The community of 45 unrecognized villages has banded together to defend themselves against further dispossession, demolition and forced removal through social mobilization, alternative planning, legal defense, petitioning for recognition and services, as well as reconstruction. This program has arisen from the consolidation of local social capital in the form of the Regional Council of Unrecognized Villages of the Naqab.

The fact that the RCUVN was not affiliated with any party gave the opportunity to different parties to join in the different actives. This involvement gave a wider recognition to this harsh situation and more difficult atmosphere for the government to implement its destructive plans.

The RCUVN realized the strength of its diversity and complementary organizational structure. For their part, the traditional tribe sheikhs worked together, joined by the professionals and, later, by the RCUVN employees and, eventually, civil society.

However, these efforts also met with a form of backlash from government hardliners, as well as from national institutions. The World Zionist Organization, normally concentrating on colonization of the West Bank and Gaza Strip, and deferring to its sister institution inside the Green Line, recently has engaged in the management of confiscated Bedouin assets inside Israel and the colonization of the Naqab. In summary, that has seen an increase in house destruction and land poisoning, and by the government”s legal campaign to criminalize the community.

The challenges faced and the strategies applied in the case of the unrecognized villages of the Naqab are classic features of any land-based people’s struggle against colonization and dispossession. In that sense, the experience is eminently transferable. Nonetheless, Israel”s policy in the Naqab and the forms of discrimination against the indigenous people of Palestine has some unique features. These arise from the two-tiered civil status under Israeli law, the absence of an Israeli nationality, while Jewish nationality is a status recognized in local law by national institutions as conferring superior rights and privileges on those holding that status, no matter where in the world those individuals may live and/or hold citizenship.
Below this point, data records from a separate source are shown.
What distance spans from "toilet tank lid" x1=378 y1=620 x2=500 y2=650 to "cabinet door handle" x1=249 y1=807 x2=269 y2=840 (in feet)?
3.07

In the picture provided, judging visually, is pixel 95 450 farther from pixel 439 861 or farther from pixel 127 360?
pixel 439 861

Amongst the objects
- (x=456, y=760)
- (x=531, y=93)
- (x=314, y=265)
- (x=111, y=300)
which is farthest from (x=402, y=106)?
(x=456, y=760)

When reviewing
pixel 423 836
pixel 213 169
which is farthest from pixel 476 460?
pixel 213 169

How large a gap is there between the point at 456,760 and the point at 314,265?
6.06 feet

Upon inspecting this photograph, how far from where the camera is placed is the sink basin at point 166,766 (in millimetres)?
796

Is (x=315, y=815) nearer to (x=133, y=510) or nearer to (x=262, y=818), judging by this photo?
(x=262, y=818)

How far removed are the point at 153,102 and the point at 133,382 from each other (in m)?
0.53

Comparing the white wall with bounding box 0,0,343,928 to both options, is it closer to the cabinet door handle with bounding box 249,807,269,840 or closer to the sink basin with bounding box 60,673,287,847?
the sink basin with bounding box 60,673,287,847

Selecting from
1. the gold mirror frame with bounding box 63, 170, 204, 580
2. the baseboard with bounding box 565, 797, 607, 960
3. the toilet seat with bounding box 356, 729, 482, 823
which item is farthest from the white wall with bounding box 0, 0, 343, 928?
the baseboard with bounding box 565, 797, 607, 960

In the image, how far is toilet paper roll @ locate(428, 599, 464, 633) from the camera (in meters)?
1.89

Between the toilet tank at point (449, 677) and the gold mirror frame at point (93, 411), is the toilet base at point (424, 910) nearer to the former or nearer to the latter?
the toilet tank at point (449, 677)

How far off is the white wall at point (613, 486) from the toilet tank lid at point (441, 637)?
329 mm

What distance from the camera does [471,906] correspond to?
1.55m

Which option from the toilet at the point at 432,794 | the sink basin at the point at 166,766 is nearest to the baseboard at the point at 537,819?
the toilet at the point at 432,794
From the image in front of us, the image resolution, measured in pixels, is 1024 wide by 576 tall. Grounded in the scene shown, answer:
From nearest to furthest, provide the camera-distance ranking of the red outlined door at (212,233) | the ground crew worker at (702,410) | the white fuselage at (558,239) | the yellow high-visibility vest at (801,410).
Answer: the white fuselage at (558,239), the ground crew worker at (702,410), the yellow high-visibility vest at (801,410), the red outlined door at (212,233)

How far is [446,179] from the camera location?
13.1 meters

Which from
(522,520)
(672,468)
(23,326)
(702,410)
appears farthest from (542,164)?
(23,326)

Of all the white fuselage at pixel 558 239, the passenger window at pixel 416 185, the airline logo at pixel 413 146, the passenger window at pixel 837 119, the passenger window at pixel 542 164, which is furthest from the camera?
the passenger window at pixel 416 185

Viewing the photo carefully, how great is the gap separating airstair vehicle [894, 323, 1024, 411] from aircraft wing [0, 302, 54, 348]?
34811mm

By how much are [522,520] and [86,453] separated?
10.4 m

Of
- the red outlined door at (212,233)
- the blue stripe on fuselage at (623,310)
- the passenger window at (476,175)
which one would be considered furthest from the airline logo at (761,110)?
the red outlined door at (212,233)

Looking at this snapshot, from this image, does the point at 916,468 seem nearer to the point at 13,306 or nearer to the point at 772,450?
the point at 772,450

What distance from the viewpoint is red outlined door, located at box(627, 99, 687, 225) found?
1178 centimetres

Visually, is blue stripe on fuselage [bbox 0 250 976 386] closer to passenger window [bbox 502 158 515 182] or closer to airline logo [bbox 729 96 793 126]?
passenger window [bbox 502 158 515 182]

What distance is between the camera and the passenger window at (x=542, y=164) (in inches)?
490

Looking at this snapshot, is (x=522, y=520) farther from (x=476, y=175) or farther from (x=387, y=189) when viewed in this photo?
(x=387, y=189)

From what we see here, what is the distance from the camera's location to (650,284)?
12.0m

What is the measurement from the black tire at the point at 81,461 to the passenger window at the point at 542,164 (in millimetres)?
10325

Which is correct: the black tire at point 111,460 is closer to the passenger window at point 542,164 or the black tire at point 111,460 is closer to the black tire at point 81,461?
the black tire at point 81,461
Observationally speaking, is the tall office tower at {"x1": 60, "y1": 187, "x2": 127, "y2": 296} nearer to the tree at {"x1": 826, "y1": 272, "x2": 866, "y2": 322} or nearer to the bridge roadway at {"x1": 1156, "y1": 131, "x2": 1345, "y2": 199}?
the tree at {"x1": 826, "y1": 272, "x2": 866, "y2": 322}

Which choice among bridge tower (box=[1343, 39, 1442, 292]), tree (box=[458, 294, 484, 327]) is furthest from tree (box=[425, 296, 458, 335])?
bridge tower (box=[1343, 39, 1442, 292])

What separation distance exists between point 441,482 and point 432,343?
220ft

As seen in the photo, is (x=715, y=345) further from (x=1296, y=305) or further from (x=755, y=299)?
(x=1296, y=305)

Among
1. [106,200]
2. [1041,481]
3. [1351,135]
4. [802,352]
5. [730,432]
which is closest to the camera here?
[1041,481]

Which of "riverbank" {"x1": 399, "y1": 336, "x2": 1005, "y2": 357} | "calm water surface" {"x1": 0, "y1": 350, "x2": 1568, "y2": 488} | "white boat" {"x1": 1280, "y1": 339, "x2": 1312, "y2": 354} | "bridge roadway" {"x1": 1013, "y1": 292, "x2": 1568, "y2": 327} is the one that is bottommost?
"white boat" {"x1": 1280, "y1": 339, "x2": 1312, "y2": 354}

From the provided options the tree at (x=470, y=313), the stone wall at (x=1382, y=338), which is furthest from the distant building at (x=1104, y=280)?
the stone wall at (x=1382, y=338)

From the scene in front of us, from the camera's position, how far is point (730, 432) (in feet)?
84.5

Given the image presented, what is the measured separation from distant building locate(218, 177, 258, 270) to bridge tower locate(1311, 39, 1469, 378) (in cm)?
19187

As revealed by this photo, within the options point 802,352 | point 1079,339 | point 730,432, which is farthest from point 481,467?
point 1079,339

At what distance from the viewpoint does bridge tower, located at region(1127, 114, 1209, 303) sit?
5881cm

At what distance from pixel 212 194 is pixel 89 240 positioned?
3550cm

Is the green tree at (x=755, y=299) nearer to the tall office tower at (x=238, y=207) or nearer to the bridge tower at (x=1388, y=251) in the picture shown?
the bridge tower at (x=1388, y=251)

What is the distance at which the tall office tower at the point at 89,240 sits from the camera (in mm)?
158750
This international dimension of the problem is unique, as is the contradiction of those Zionist national institutions (e.g., WZO/JA, JNF, etc.) operating as Israeli State organs while, at once, also registered and functioning as taxexempt charities in some 50 countries around the world. These unique features working to the further dispossession of the indigenous Palestinian people may suggest this particular social production experience to be irreplaceable. However, the same characteristics form an arguable basis also for extending the social mobilization and solidarity extraterritorially to where the international recruitment and financing for population transfer and colonization goes so far unchallenged.